Les livres de science ne parlent guère
des sévères afflictions d’après le lit de mort.
Que ceux qui ont entendu mes livres bardiques
obtiennent le meilleur asile de la région des cieux.

Le Livre de Taliesin (Extrait)
Le Livre de Taliesin est un recueil de poèmes manuscrits du Xème siècle, mais dont la composition serait contemporaine du barde historique Taliesin, qui était considéré comme « le Chef des Bardes de Bretagne » (entendre le Pays de Galles) au VIème siècle.

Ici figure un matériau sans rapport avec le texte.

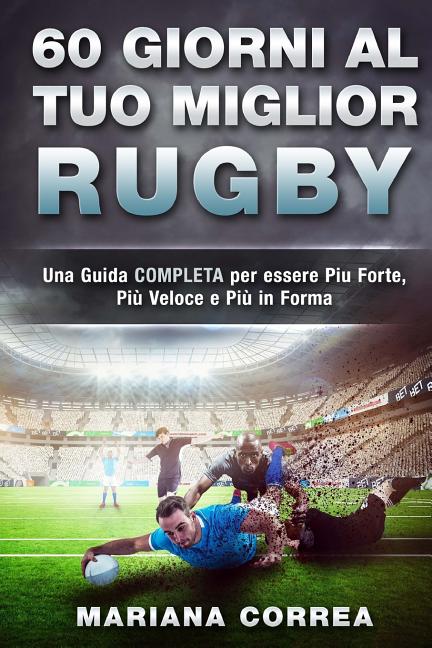 60 GIORNI Al TUO MIGLIOR RUGBY: UNA GUIDA COMPLETA PER ESSERE PIU FORTE, PIU VELOCE E PIU In FORMA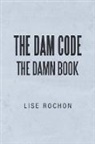 Lise Rochon - The Dam Code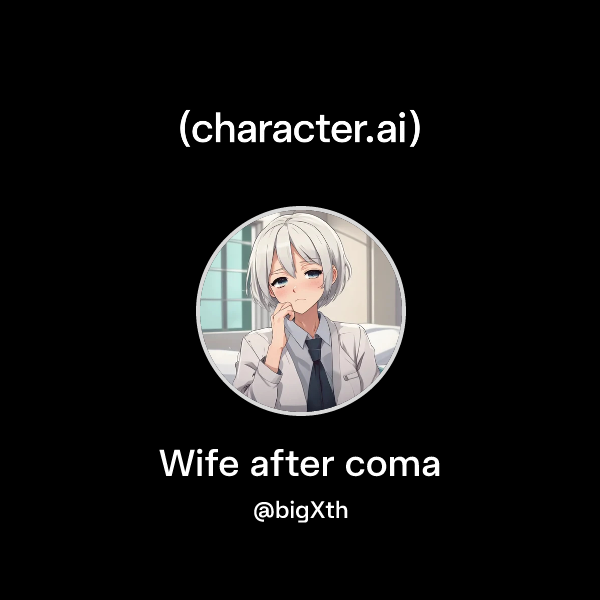 Wife after coma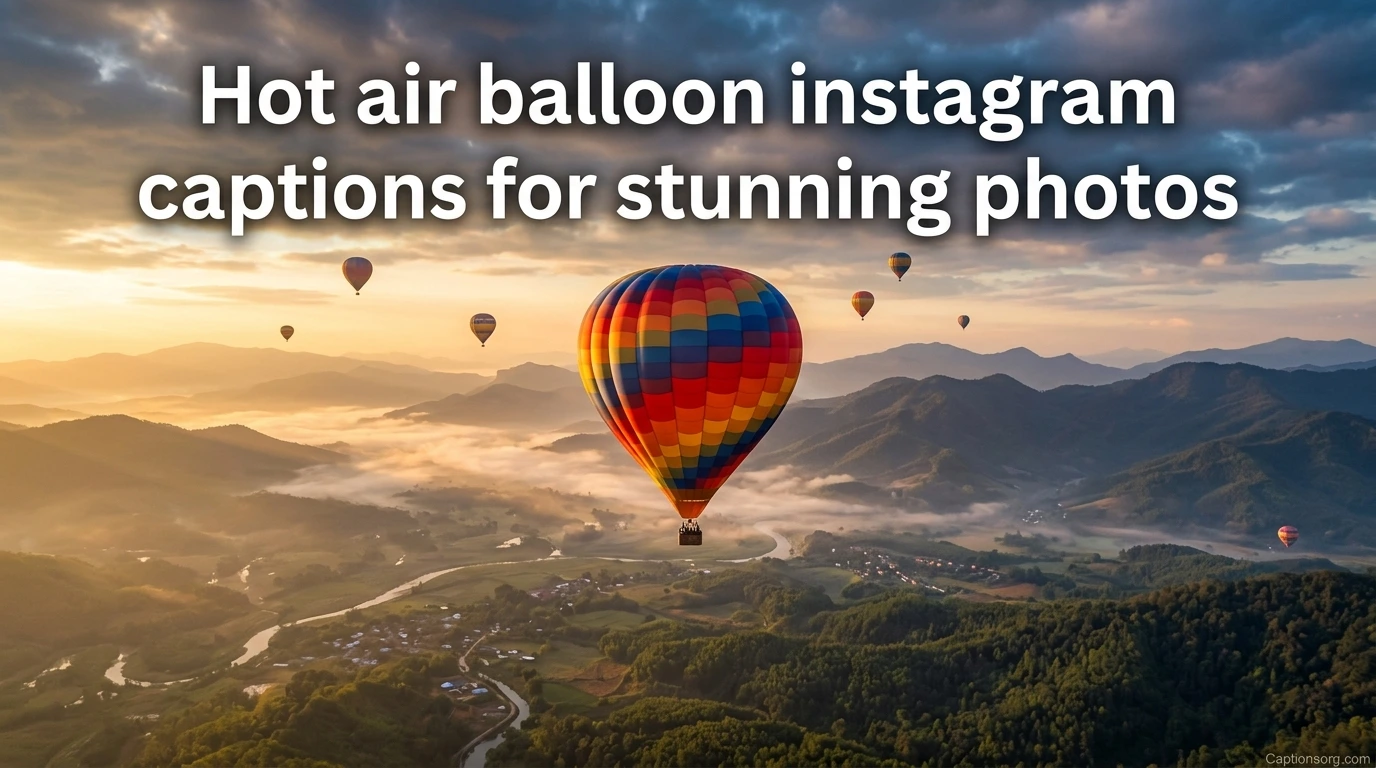 Hot air balloon instagram captions for stunning photos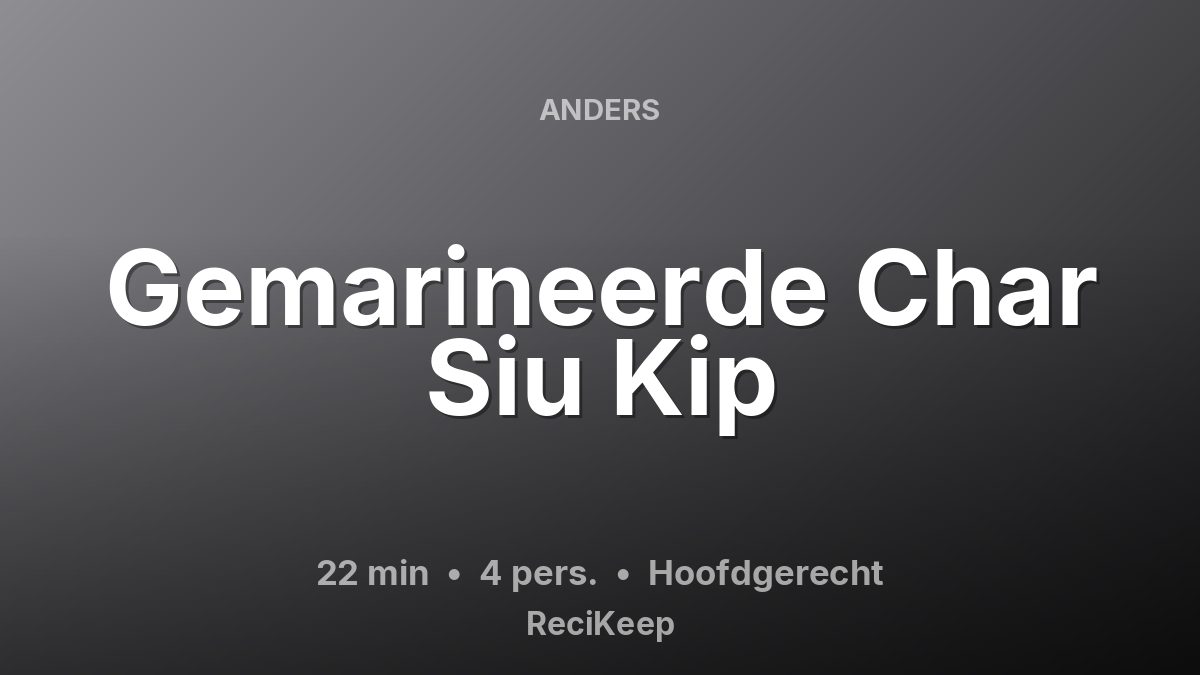 Receptkaart Gemarineerde Char Siu Kip – Hoofdgerecht
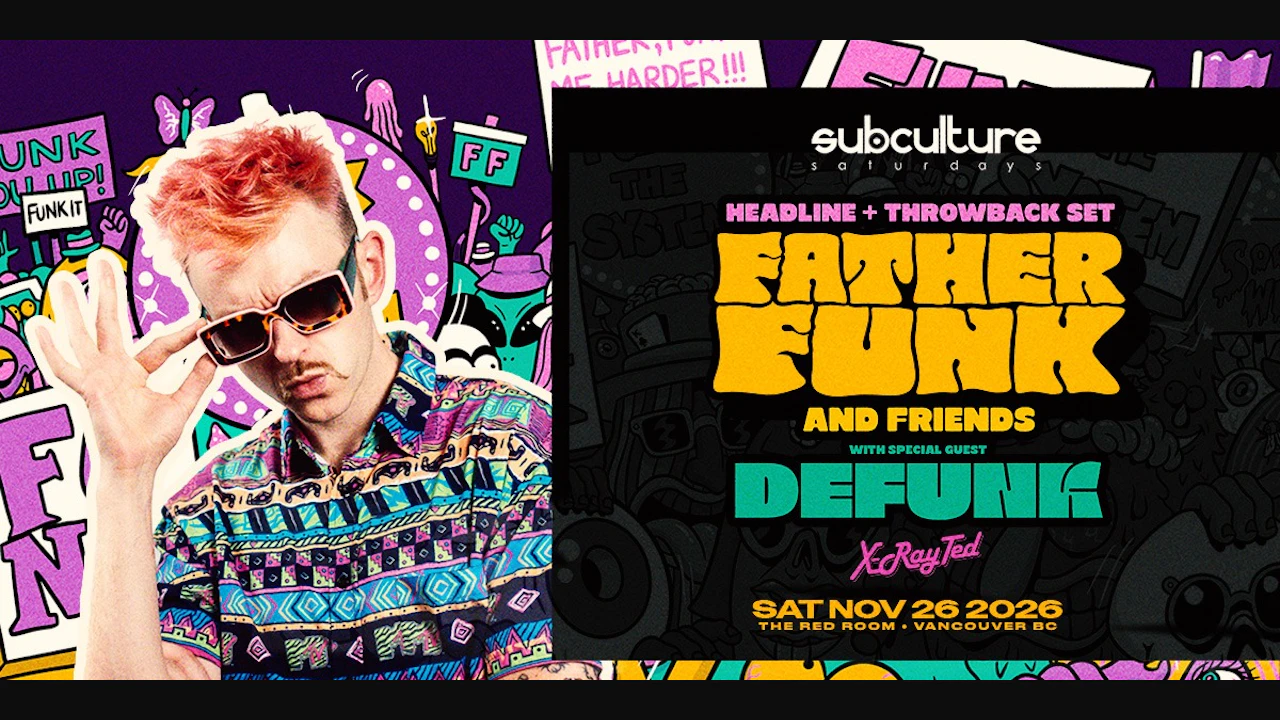 Father Funk & Friends with Defunk at SUBculture Saturdays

Kat Godeu, ou Combat des Arbrisseaux
« J’ai été sous de nombreuses formes
avant que je ne sois libre.
J’ai été une épée étroite et bariolée.
Je crois à ce qui est apparent.
J’ai été larme dans l’air.
J’ai été la plus brillante des étoiles.
J’ai été mot parmi les lettres.
J’ai été livre à l’origine.
J’ai été une langue brillante
pendant un an et demi.
J’ai été un pont jeté
sur soixante estuaires.
J’ai été route, j’ai été aigle
j’ai été coracle sur la mer.
J’ai été l’effervescence de la bière.
J’ai été goutte dans l’averse,
j’ai été épée dans la main.
J’ai été bouclier au combat.
J’ai été corde de la harpe
d’enchantements, neuf années.
Dans l’eau j’ai été l’écume,
j’ai été éponge dans le feu.
J’ai été bois dans le buisson.
Ce n’est pas moi qui ne chante pas.
J’ai chanté, bien que je sois petit,
j’ai chanté le combat des buissons de branches
devant le chef de Bretagne.
Des chevaux ordinaires y pénétrèrent,
des flots de richesse.
Il passa un monstre à larges gueules.
Il avait cent têtes
et une bataille fut livrée
sous la base de sa langue.
Il y a une autre bataille
sur sa nuque.
Un crapaud noir fourchu,
armé de cent griffes ;
le serpent tacheté à crête :
cent âmes par son péché
seront punies dans sa chair.
J’ai été à Nevenydd :
l’herbe et les arbres se hâtaient,
des ménestrels chantaient,
des guerriers attaquaient ;
une résurrection des Bretons
fut opérée par Gwydyon.
On en appela aux saints,
au Christ et à ses pouvoirs
pour défendre les princes,
jusqu’à ce qu’il les délivrât
le Roi qui les a créés.
Le Seigneur répondit par le langage et l’art :
prenez la forme des principaux arbres
avec lui dans vos armées,
tout en repoussant le peuple
inhabile au combat à la main.
Quand les arbres eurent été enchantés
dans leur oeuvre de destruction
les combats furent interrompus
par l’harmonie des harpes.
Elle pleuraient les combats.
Tranchons les jours tristes.
Une femme fit diminuer le bruit.
Elle s’avance sur le champ de bataille,
tête de sa lignée et chef de l’armée.
Les dépouilles des vaches d’Annwn
nous seront d’un grand profit
dans le sang des hommes jusqu’à nos genoux.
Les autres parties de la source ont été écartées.